The investigational drug navenibart has demonstrated promising efficacy in reducing the burden of hereditary angioedema (HAE) according to interim analysis results from the ongoing Phase 1b/2 ALPHA-STAR clinical trial. The findings were presented at the 2025 AAAAI/World Allergy Organization Joint Congress in San Diego by Dr. Joshua Jacobs, Medical Director of Allergy and Asthma Clinical Research.
Significant Reduction in Attack Frequency and Severity
The ALPHA-STAR trial (NCT05695248) enrolled 16 adult patients with HAE-C1INH Type 1 or Type 2, with a mean age of 46 years. The study design included three dose cohorts: 450 mg on day 1 (cohort 1), 600 mg on day 1 with 300 mg on day 84 (cohort 2), and 600 mg on days 1 and 28 (cohort 3).
At the three-month follow-up, involving 14 evaluable participants, the data showed remarkable improvements:
- Mild attacks decreased from 0.95 to 0.13 per month
- Moderate attacks reduced from 1.25 to 0.05 per month
- Severe attacks dropped from 0.11 to 0 per month
The six-month data, available for seven participants, maintained this positive trend:
- Mild attacks decreased from 0.45 to 0.10 per month
- Moderate attacks reduced from 1.54 to 0.08 per month
- Severe attacks were eliminated, dropping from 0.14 to 0 per month
Impact on Rescue Medication Use
One of the most significant findings was the substantial reduction in the need for rescue medication.
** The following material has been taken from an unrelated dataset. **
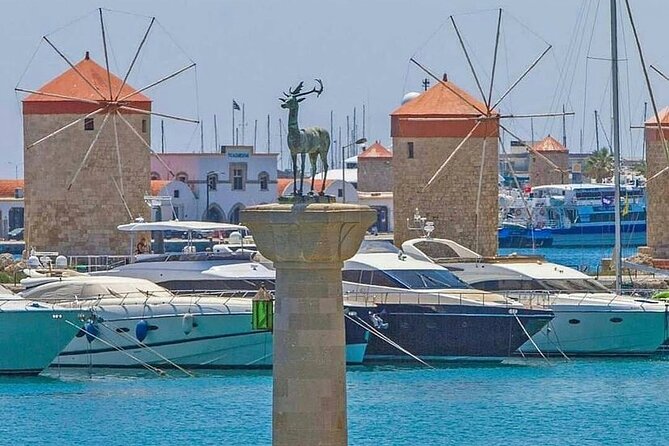 Rhodes, Lindos and Medieval City Guided Tour - Tips for a Great Experience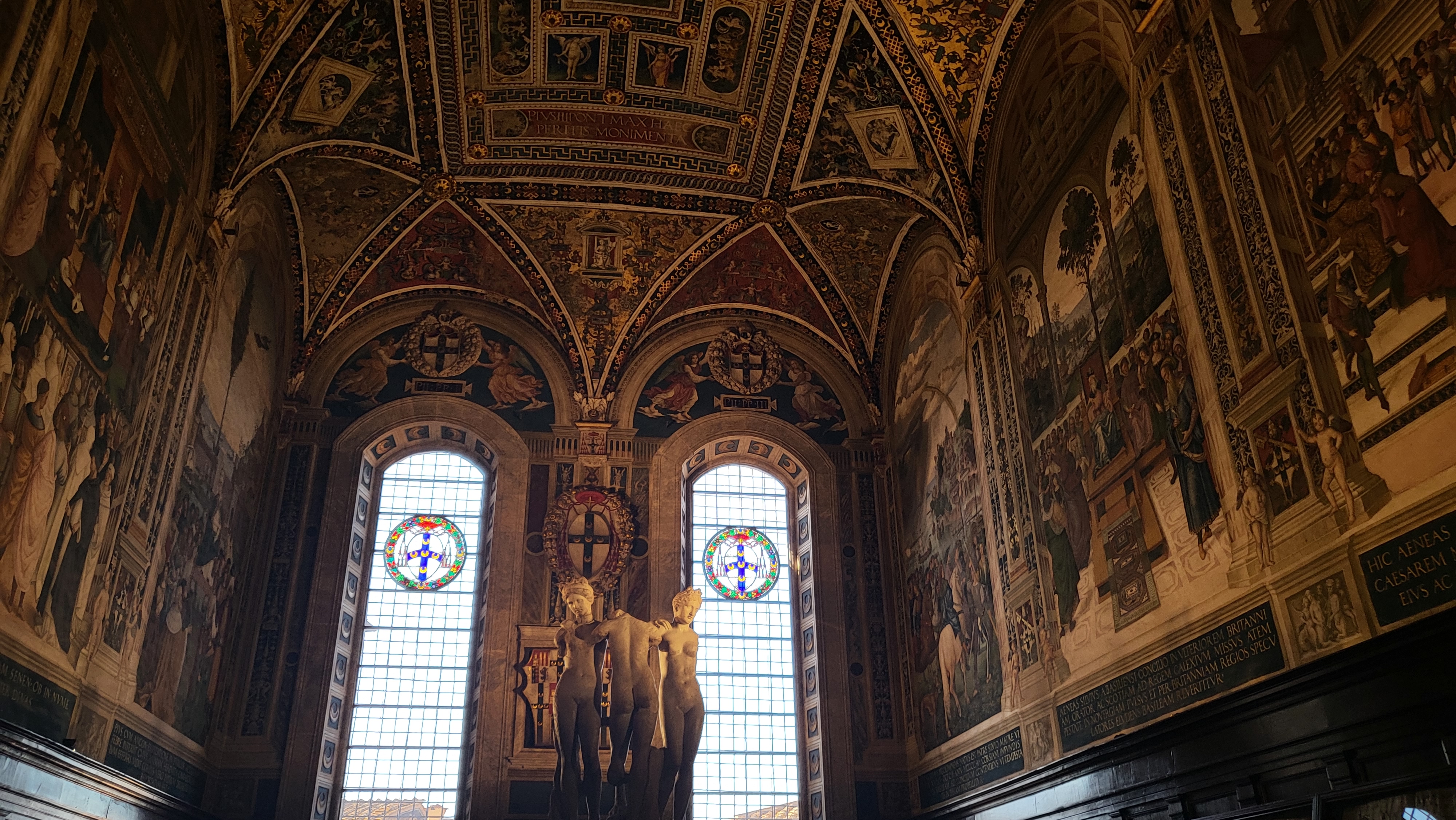 Guided walking tour of Siena with Cathedral - Photo 3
The mean rate of HAE attacks requiring rescue medication decreased dramatically:
- From 1.86 to 0.16 attacks per month at 3 months
- From 1.32 to 0.10 attacks per month at 6 months
Safety Profile and Clinical Implications
The interim analysis revealed a favorable safety profile for navenibart, with no reports of serious treatment-emergent adverse events or patient discontinuations. This safety data, combined with the efficacy results, suggests that navenibart could potentially offer a new therapeutic option for HAE patients.
Dr. Jacobs and his research team emphasized that these results indicate navenibart's potential to significantly reduce the overall burden of HAE, as measured through multiple clinically relevant parameters including attack frequency, severity, and rescue medication use.